EXERCISE GOAL
Where a line contains "ORIA Combination Lock, 2", begin there and restate word for word every line to the end of the entries below, pictures excluded.
RECORDS TO USE section start
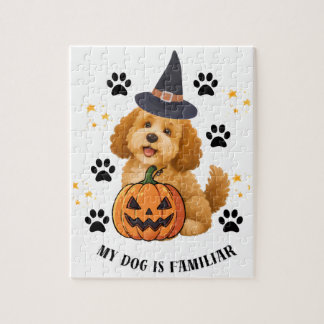 Puzzle Joli Poodle Sorcière d'Halloween avec Citrouille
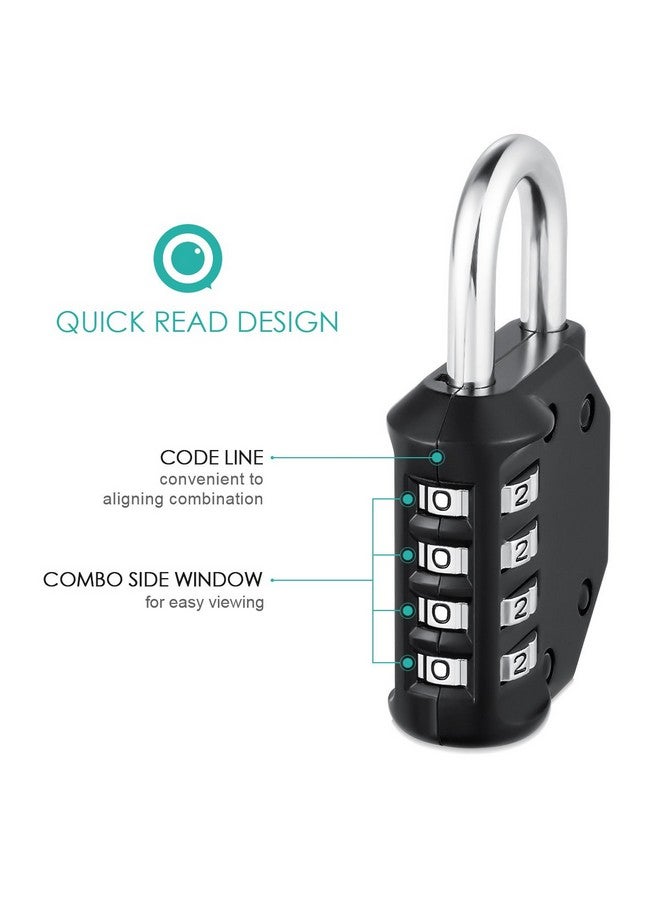 ORIA Combination Lock, 2 Pack Combination Padlock, 4-Digit Locker Lock, Waterproof Anti-Rust Padlock for Gate, Cabinet, School Gym Locker, Fence, Black - Image 4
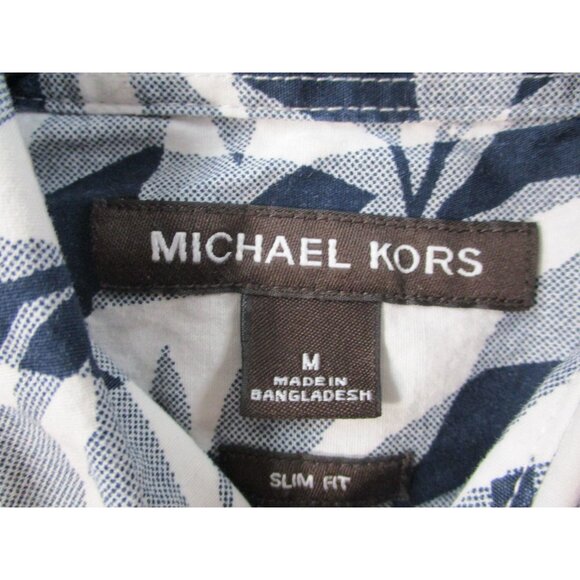Michael Kors Mens Slim Fit Short Sleeve Leaf Print Button-Down Shirt M - Picture 3 of 8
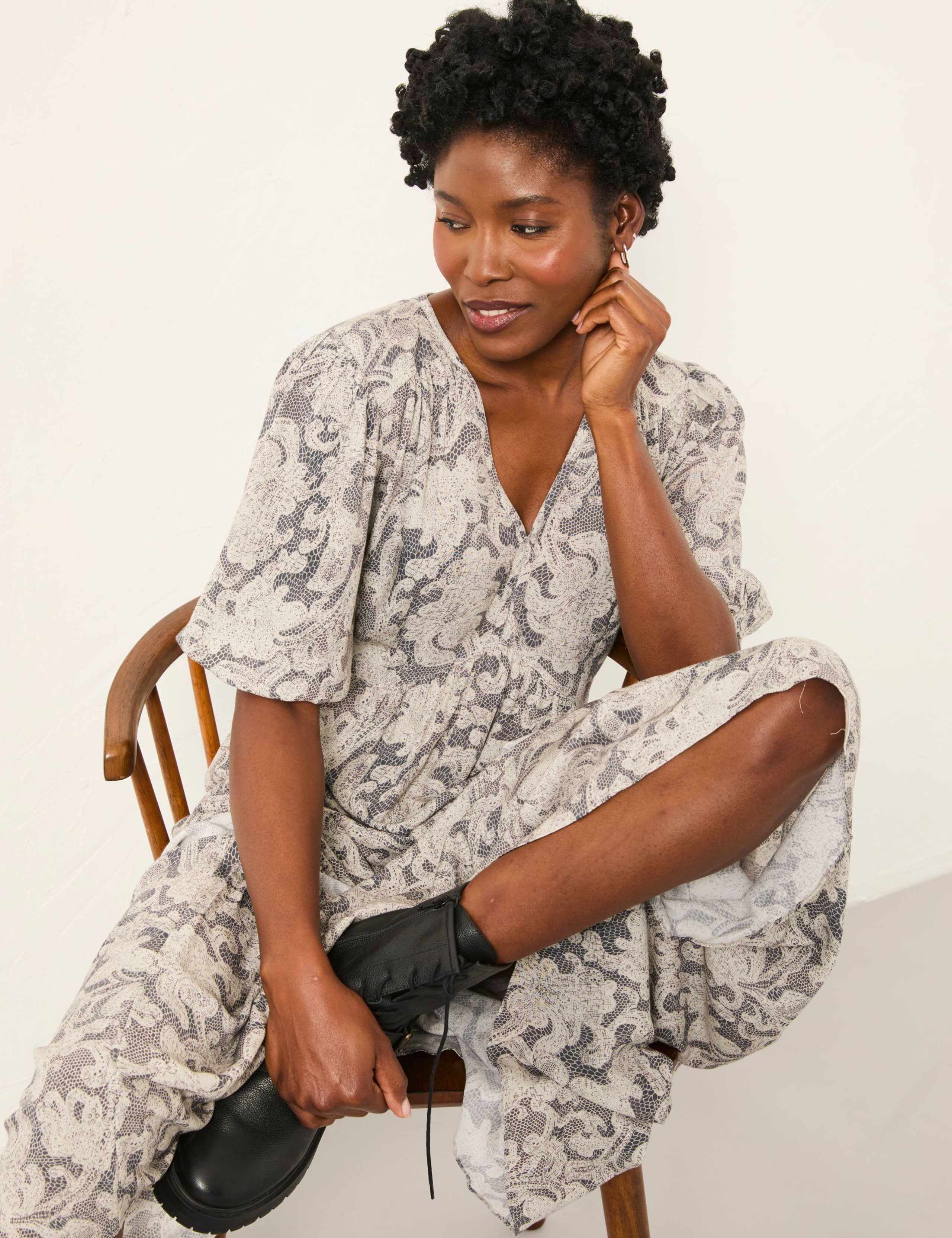 Printed V-Neck Midi Tiered Dress 6 of 6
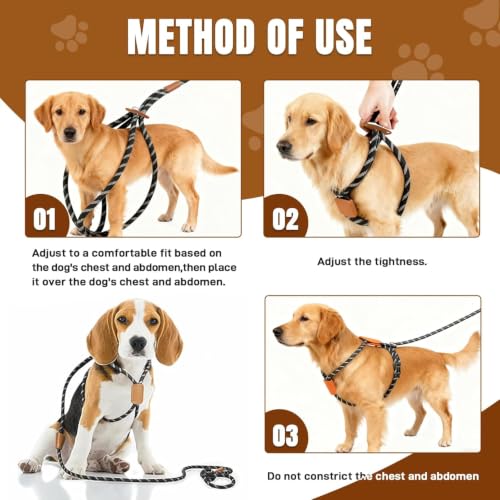 No Pull Dog Slip Lead Leash & Collar Harness 3 (Black)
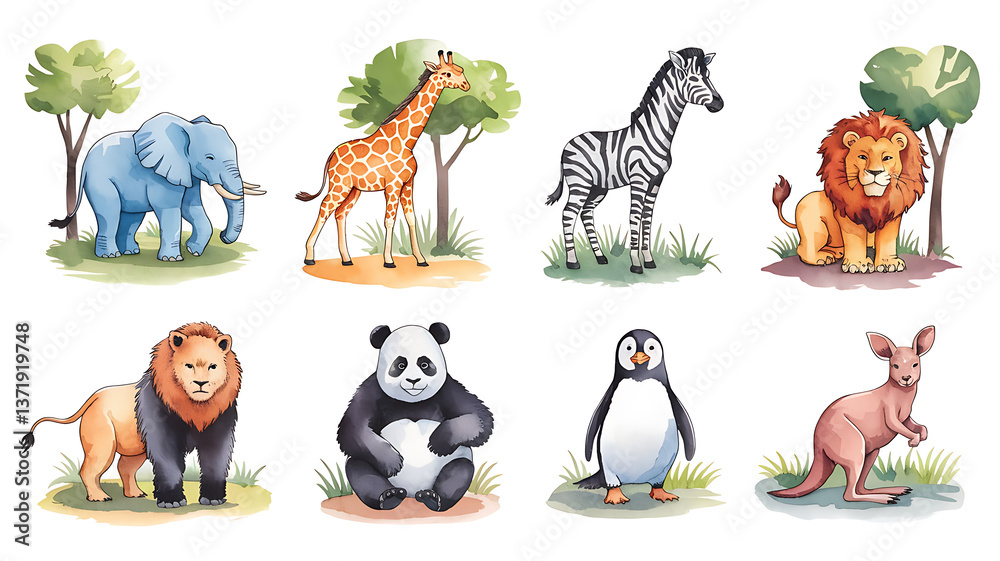 Naklejka premium Cute watercolor illustration of various safari animals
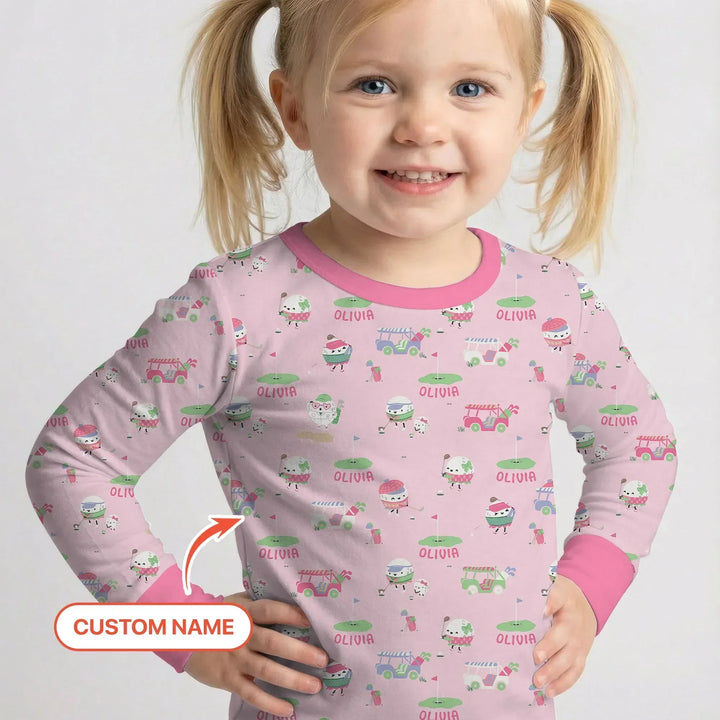 Cute Golf ball Bamboo Two Piece Long Sleeve Pajama Set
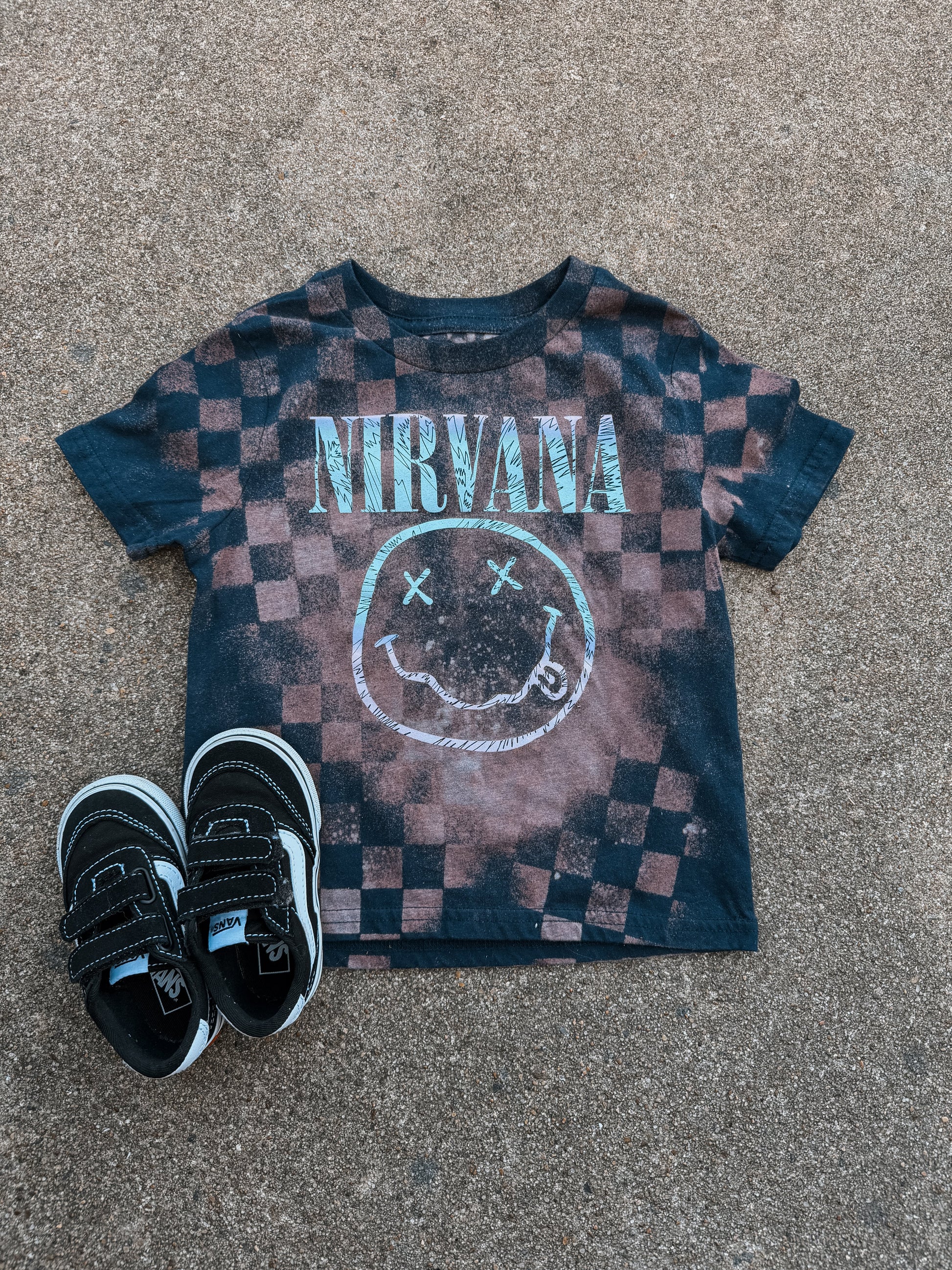 Upcycled By Katie Nirvana Smiley Face Tee – Hand-Bleached One-of-a-Kind (4T) Shirt – Graphic Teen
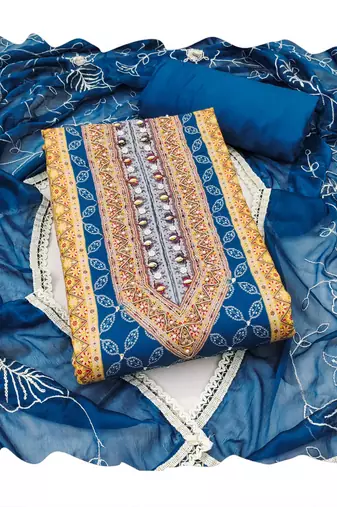 Multicolor embroidered cotton churidar dress-materials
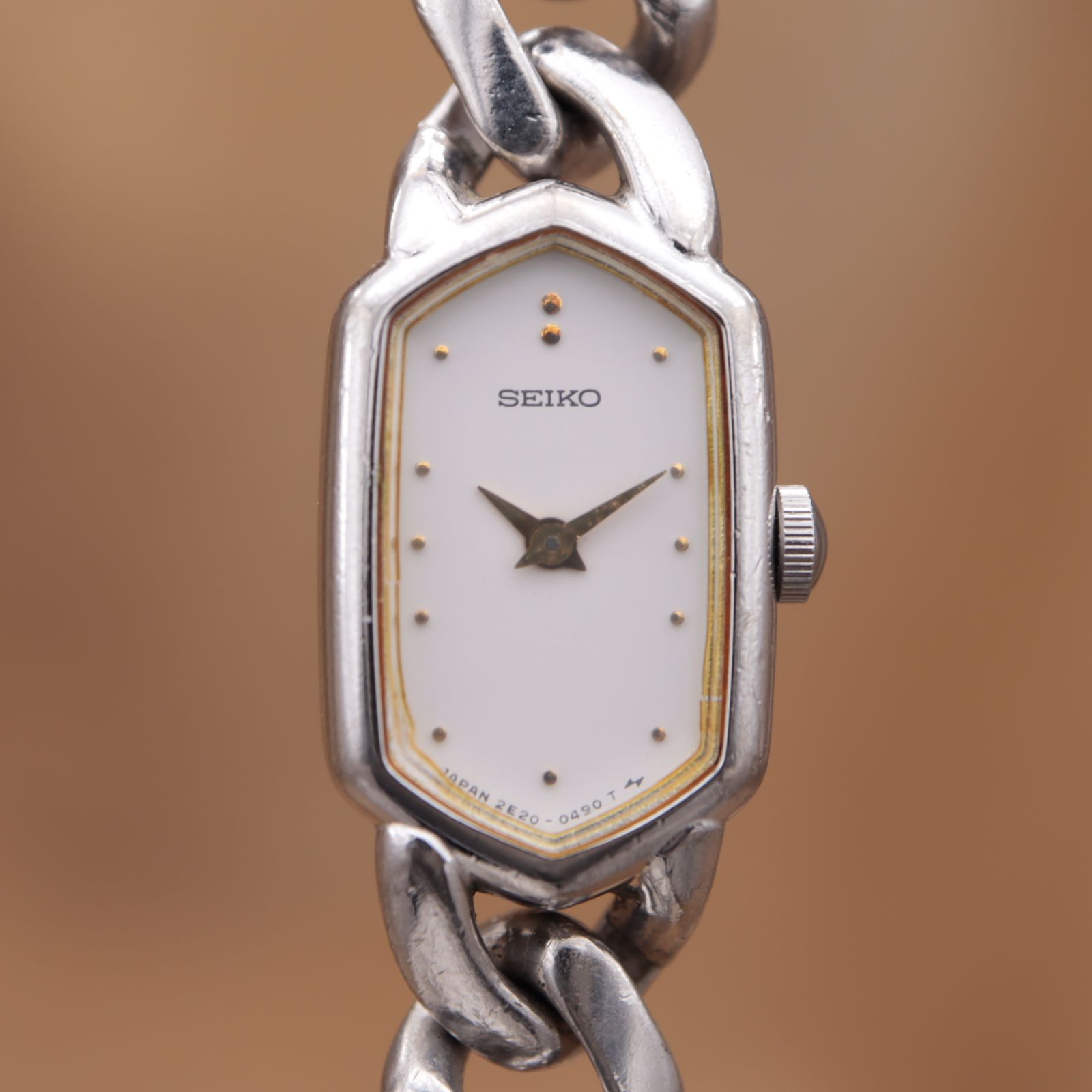 セイコー 2E20-5360 SEIKO クォーツ チェーン ヘキサゴン レディース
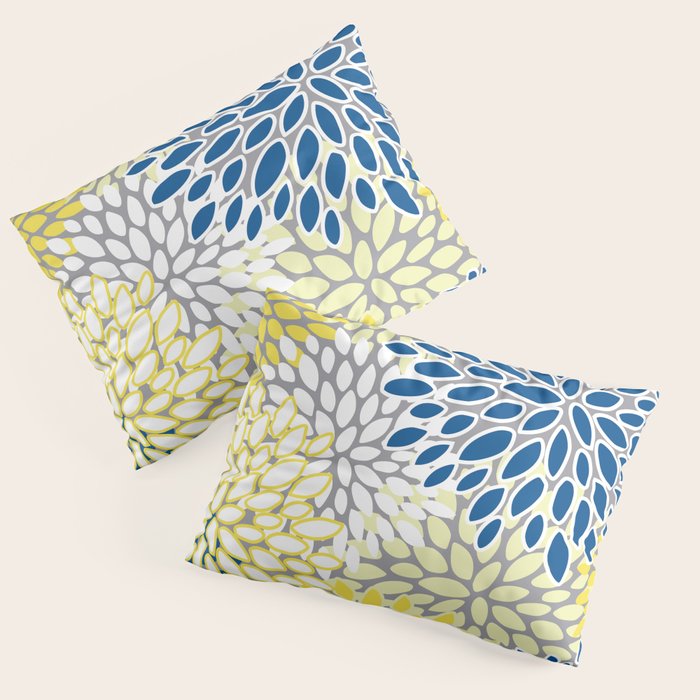 Modern Flowers Art, Blue, Yellow and Gray, Art Prints Pillow Sham Gallery Image 1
RECORDS TO USE section end
COMPLETED TASK
 ORIA Combination Lock, 2 Pack Combination Padlock, 4-Digit Locker Lock, Waterproof Anti-Rust Padlock for Gate, Cabinet, School Gym Locker, Fence, Black - Image 4
Michael Kors Mens Slim Fit Short Sleeve Leaf Print Button-Down Shirt M - Picture 3 of 8
 Printed V-Neck Midi Tiered Dress 6 of 6
 No Pull Dog Slip Lead Leash & Collar Harness 3 (Black)
 Naklejka premium Cute watercolor illustration of various safari animals
 Cute Golf ball Bamboo Two Piece Long Sleeve Pajama Set
 Upcycled By Katie Nirvana Smiley Face Tee – Hand-Bleached One-of-a-Kind (4T) Shirt – Graphic Teen
 Multicolor embroidered cotton churidar dress-materials
 セイコー 2E20-5360 SEIKO クォーツ チェーン ヘキサゴン レディース
 Modern Flowers Art, Blue, Yellow and Gray, Art Prints Pillow Sham Gallery Image 1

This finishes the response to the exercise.